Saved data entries
+-------+
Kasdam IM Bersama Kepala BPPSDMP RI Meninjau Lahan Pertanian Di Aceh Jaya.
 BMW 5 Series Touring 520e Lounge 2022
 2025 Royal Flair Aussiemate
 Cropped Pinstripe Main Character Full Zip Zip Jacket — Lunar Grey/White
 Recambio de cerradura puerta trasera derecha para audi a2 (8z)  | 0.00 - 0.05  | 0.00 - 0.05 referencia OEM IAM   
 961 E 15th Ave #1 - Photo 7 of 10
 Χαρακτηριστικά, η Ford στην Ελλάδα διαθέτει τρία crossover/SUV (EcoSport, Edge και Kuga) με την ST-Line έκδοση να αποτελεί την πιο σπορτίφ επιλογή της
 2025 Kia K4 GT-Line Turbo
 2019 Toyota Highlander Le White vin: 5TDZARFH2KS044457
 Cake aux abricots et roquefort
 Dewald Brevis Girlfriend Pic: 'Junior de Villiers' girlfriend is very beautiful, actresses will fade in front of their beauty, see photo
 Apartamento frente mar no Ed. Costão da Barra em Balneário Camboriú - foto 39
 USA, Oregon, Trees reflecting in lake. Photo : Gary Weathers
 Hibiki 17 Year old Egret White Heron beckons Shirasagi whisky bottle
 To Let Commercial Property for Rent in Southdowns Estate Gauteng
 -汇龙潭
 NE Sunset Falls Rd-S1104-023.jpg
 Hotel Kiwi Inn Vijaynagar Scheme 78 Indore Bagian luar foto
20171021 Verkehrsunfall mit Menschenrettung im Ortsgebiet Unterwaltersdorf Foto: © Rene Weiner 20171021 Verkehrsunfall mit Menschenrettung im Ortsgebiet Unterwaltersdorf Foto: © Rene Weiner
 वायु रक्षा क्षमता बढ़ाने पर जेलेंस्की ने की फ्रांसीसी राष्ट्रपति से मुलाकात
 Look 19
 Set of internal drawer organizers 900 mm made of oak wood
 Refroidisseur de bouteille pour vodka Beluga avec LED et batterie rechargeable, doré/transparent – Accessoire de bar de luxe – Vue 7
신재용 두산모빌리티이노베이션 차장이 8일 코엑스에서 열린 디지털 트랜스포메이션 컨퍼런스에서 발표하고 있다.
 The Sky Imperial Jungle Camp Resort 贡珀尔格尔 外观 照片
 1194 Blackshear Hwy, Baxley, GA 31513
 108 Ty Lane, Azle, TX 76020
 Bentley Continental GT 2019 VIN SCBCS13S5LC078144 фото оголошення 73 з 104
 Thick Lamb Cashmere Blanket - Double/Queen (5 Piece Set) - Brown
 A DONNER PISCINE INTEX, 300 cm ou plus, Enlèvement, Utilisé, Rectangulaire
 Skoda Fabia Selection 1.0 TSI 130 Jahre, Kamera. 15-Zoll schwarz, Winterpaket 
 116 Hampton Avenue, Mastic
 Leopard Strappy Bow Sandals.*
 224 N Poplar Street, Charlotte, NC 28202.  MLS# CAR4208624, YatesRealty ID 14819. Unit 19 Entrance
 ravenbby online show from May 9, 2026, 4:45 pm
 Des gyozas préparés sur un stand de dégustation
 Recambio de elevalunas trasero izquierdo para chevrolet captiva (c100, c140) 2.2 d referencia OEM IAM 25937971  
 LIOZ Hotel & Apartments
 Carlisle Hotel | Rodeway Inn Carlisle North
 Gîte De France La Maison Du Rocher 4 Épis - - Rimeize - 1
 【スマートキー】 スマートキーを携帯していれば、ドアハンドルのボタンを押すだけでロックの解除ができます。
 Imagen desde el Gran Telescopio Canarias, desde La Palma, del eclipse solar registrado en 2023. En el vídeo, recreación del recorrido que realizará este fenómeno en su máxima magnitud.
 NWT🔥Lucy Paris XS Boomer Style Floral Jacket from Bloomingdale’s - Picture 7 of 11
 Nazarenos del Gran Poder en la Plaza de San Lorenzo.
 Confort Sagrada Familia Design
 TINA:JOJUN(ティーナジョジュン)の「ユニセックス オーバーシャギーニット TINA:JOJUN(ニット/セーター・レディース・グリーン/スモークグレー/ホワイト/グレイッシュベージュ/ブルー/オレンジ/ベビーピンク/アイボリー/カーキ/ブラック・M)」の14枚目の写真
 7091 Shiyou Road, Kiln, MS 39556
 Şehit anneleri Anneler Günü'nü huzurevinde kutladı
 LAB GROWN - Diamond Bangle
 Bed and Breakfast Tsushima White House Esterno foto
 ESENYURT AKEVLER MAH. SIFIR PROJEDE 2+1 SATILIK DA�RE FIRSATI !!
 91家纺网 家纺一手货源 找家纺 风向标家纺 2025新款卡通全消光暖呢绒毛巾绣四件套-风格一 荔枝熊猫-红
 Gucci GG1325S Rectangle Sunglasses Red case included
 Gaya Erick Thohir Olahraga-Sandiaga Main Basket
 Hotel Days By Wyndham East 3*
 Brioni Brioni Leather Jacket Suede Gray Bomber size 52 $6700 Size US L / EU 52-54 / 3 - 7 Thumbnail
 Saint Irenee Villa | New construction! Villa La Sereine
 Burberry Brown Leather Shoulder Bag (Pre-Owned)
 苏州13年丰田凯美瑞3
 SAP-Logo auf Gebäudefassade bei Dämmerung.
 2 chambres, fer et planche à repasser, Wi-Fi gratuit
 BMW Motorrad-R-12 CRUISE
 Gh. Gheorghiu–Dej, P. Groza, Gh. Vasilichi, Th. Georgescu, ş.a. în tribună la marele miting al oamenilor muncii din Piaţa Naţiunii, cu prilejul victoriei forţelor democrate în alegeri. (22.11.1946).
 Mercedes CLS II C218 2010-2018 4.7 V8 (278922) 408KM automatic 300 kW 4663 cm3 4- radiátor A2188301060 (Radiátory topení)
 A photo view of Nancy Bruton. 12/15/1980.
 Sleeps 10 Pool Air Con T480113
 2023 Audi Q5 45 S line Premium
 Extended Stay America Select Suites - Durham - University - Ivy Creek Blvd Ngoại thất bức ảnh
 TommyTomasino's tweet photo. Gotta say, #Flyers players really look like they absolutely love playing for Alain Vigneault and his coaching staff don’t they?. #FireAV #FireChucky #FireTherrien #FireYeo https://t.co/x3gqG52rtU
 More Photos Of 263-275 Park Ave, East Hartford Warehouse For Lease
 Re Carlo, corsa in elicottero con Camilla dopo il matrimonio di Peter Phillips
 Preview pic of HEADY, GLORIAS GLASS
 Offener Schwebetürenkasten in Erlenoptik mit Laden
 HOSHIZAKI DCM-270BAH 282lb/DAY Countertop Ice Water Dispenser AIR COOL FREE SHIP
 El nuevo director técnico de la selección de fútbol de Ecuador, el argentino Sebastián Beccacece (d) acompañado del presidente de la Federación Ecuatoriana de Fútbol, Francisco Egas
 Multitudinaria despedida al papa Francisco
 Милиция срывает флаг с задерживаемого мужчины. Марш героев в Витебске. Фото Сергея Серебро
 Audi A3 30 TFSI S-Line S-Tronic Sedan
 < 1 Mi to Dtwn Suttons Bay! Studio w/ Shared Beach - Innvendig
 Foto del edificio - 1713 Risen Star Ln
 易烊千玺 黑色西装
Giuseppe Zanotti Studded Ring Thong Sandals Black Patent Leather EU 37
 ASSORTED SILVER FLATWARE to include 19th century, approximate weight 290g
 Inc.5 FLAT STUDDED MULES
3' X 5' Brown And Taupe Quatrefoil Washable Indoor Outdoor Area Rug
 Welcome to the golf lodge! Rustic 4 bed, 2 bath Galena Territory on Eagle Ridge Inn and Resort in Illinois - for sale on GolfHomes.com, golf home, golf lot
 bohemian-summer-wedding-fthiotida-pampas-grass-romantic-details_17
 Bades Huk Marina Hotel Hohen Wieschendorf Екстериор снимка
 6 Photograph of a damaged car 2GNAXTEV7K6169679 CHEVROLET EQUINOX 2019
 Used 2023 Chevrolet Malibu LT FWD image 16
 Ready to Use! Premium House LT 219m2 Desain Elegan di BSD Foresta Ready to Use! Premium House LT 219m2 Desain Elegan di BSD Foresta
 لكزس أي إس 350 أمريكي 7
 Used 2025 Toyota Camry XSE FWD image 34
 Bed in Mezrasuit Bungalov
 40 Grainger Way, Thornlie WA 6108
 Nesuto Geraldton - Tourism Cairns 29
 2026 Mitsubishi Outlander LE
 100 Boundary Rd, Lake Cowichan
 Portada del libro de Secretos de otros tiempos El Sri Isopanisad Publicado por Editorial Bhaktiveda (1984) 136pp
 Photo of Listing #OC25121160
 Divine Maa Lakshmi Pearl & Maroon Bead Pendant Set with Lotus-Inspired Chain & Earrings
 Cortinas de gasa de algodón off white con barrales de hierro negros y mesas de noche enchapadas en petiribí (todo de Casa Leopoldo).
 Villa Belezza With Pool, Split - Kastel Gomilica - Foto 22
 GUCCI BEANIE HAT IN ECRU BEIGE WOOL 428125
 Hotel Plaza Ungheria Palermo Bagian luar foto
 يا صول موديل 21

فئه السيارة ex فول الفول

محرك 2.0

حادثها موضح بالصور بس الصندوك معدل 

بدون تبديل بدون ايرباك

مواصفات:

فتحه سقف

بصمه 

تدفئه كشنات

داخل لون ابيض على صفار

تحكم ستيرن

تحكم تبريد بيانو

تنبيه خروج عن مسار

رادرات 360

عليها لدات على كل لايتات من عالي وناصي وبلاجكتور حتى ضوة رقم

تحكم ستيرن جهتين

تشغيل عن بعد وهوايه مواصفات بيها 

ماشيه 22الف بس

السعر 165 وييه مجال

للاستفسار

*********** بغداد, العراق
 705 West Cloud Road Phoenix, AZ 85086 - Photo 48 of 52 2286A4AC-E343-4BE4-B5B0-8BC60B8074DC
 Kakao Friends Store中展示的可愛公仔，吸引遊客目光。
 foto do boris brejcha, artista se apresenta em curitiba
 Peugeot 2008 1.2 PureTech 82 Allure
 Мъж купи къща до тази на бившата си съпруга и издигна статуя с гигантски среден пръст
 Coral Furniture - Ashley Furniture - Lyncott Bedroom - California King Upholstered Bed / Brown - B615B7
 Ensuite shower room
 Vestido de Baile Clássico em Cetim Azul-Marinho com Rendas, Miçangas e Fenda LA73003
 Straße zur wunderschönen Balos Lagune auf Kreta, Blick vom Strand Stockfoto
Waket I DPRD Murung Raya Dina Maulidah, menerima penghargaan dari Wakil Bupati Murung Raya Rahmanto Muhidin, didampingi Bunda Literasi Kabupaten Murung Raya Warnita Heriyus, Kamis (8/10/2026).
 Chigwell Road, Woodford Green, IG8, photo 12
+-------+
## Problem statement:
Report how many lines of the records above contain the word "from", and give only that number.

## Solution to this problem:
2